__The problem__:
Please output exactly the part of the records below that opens with the line containing "Design your own" and closes with the line containing "Flora - End Table With Drawer - view 6", both lines included, and nothing else.

__Records for the task__:
------------------------------------------------------------------------

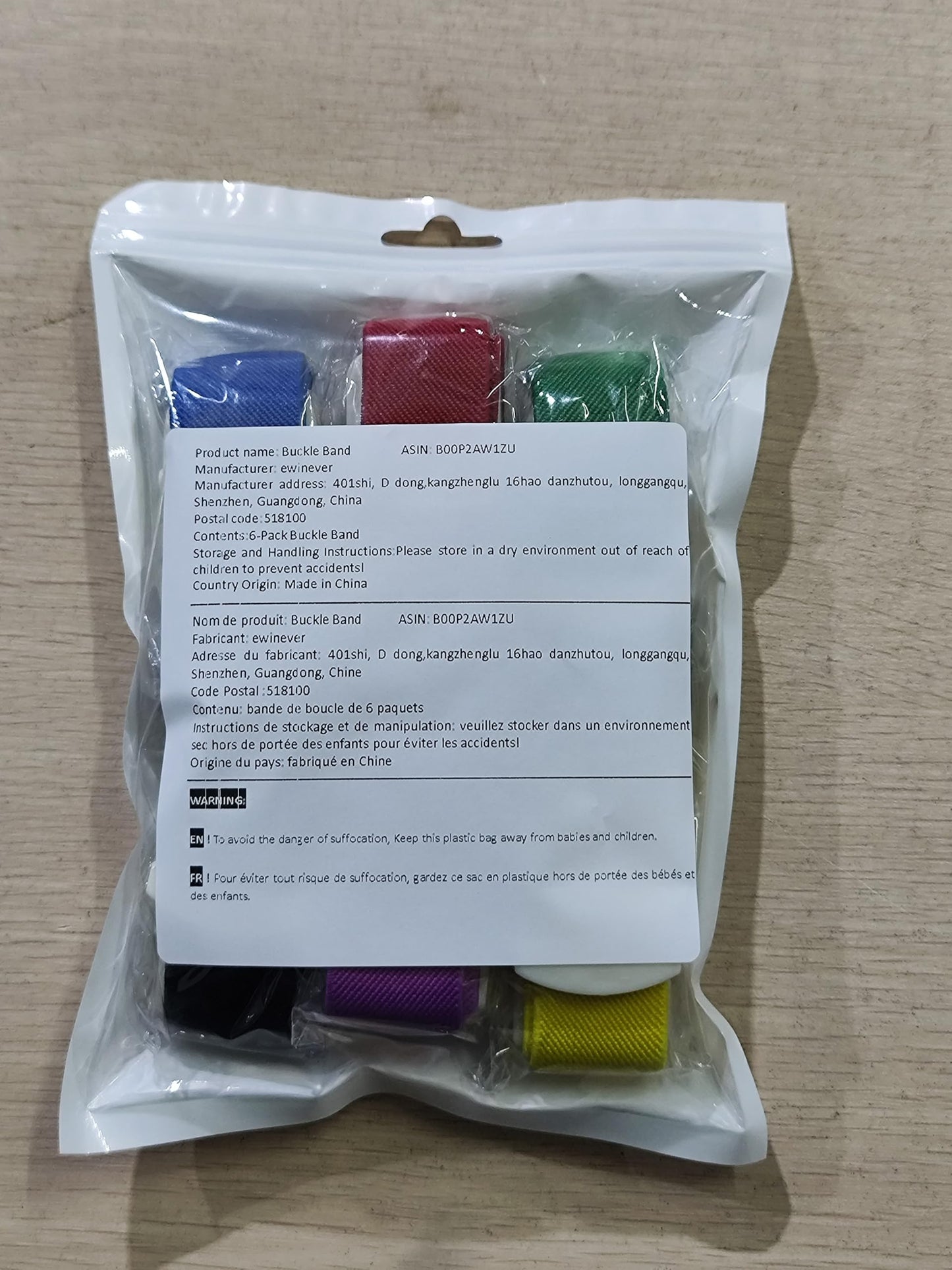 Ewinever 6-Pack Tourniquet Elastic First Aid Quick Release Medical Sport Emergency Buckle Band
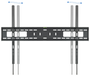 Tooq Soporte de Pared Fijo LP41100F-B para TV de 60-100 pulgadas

------------------------------------------------------------------------

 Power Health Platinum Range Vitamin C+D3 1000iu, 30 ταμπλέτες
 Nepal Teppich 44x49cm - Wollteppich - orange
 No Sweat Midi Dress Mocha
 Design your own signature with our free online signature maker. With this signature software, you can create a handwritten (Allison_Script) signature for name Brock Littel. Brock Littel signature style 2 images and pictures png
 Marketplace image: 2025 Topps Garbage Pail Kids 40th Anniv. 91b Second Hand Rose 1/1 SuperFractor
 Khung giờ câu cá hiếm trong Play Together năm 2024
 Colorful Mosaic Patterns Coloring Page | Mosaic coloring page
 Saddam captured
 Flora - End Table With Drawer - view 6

------------------------------------------------------------------------

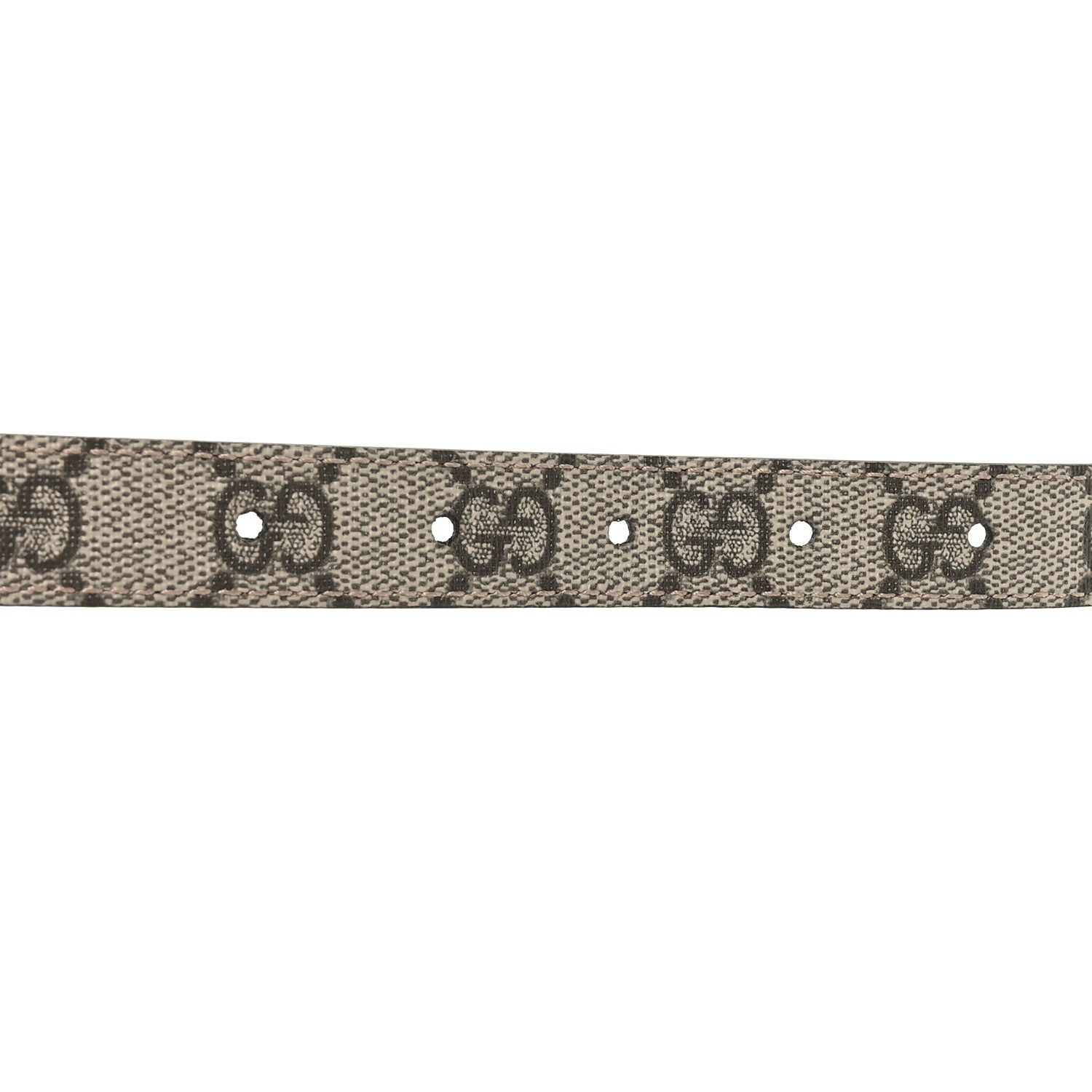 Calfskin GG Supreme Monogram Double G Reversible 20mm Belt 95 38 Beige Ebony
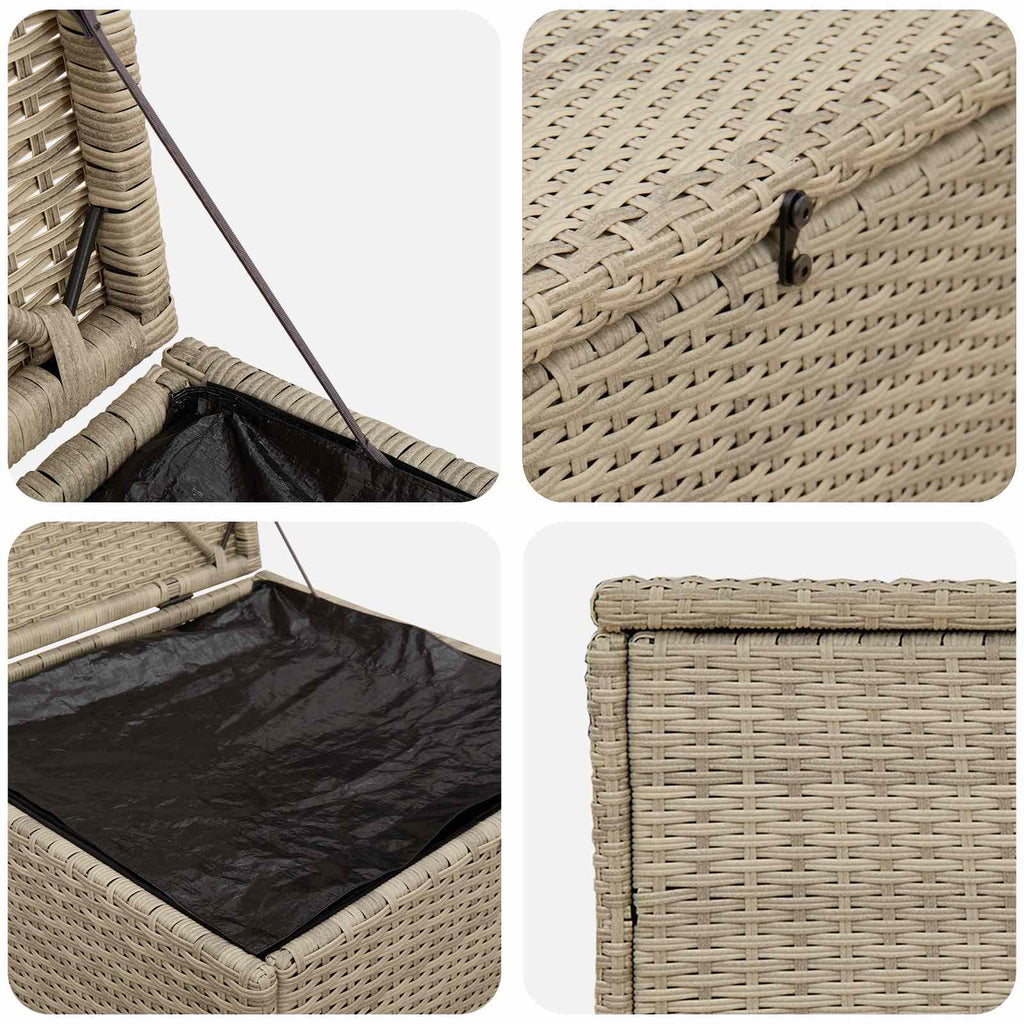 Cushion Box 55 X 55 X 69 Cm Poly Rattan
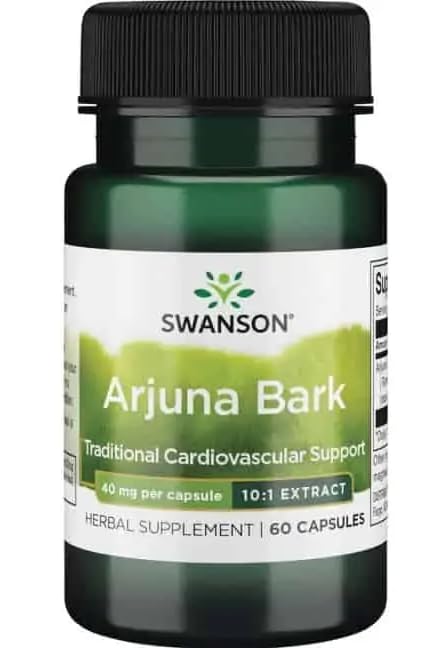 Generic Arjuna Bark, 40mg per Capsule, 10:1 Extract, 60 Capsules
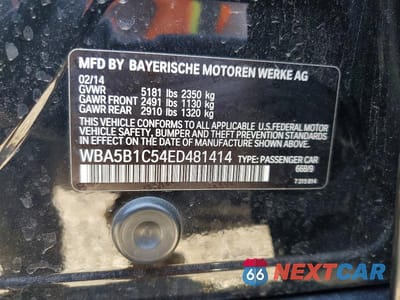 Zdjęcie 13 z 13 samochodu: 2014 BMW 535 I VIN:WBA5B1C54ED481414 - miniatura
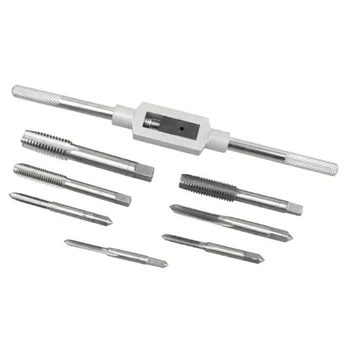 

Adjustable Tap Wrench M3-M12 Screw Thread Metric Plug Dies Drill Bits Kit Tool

------------------------------------------------------------------------

__Response__:
 Design your own signature with our free online signature maker. With this signature software, you can create a handwritten (Allison_Script) signature for name Brock Littel. Brock Littel signature style 2 images and pictures png
 Marketplace image: 2025 Topps Garbage Pail Kids 40th Anniv. 91b Second Hand Rose 1/1 SuperFractor
 Khung giờ câu cá hiếm trong Play Together năm 2024
 Colorful Mosaic Patterns Coloring Page | Mosaic coloring page
 Saddam captured
 Flora - End Table With Drawer - view 6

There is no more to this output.